WHAT THE TASK REQUIRES → Every line below should come back exactly as written, though the pictures stay out.

DATA SEGMENT →
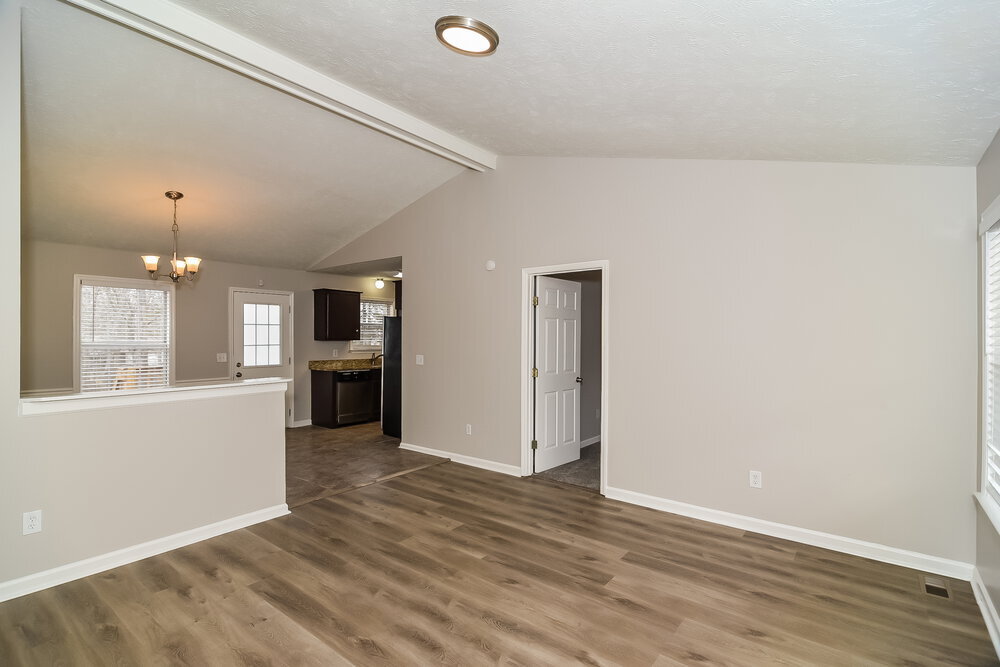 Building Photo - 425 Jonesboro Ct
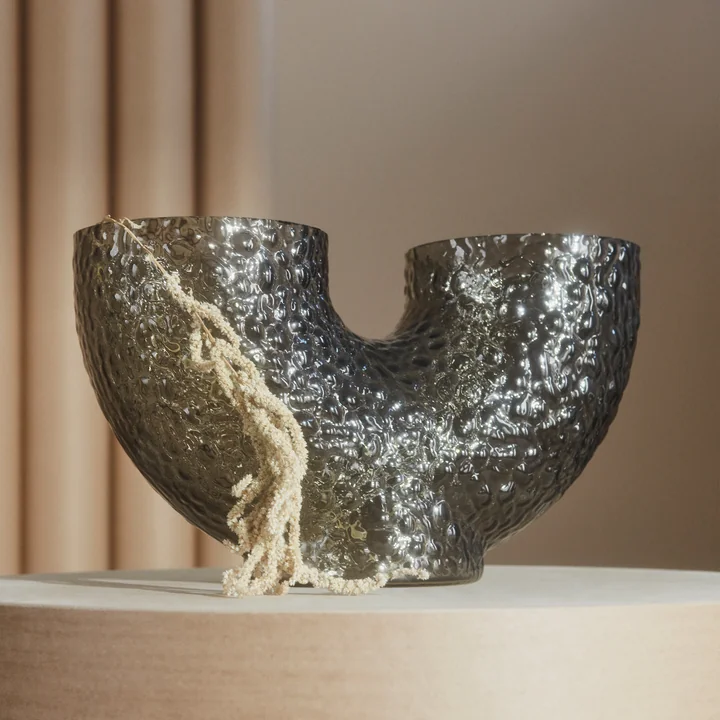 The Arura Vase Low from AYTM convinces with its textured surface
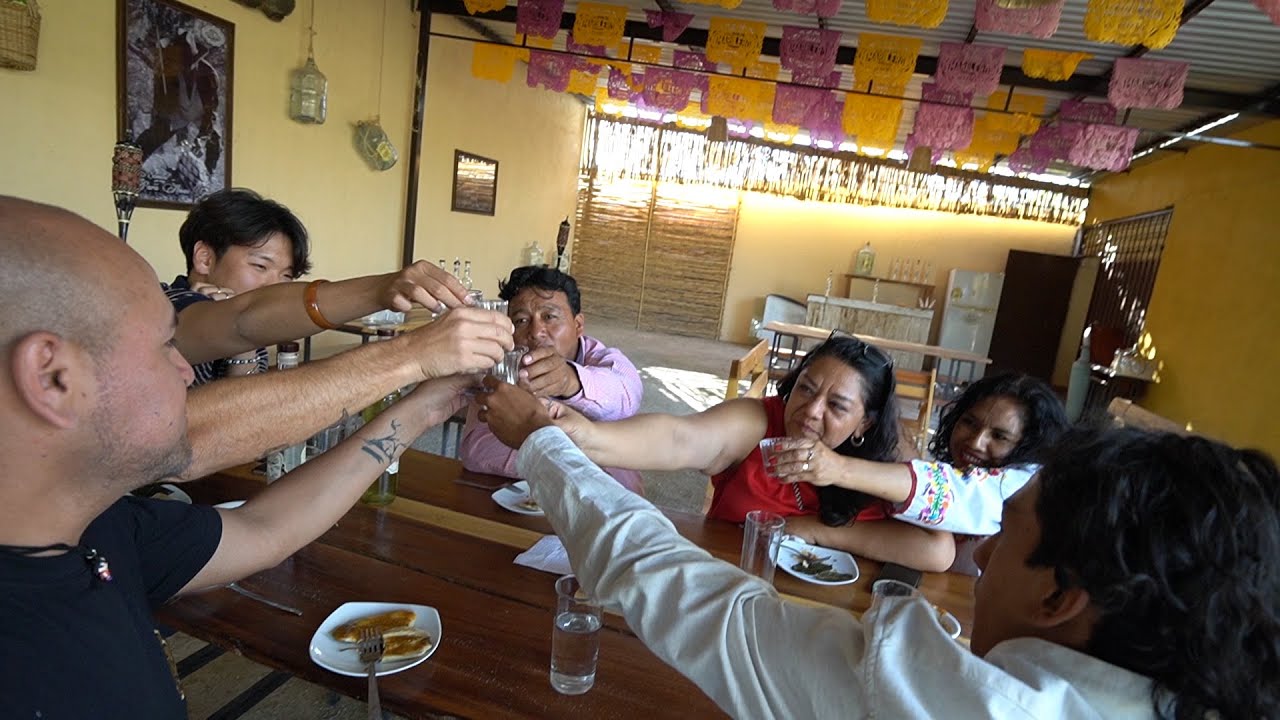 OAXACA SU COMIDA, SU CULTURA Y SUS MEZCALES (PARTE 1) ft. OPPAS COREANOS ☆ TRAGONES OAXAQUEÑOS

OUTPUT OF THE EXERCISE →
 Building Photo - 425 Jonesboro Ct
 The Arura Vase Low from AYTM convinces with its textured surface
 OAXACA SU COMIDA, SU CULTURA Y SUS MEZCALES (PARTE 1) ft. OPPAS COREANOS ☆ TRAGONES OAXAQUEÑOS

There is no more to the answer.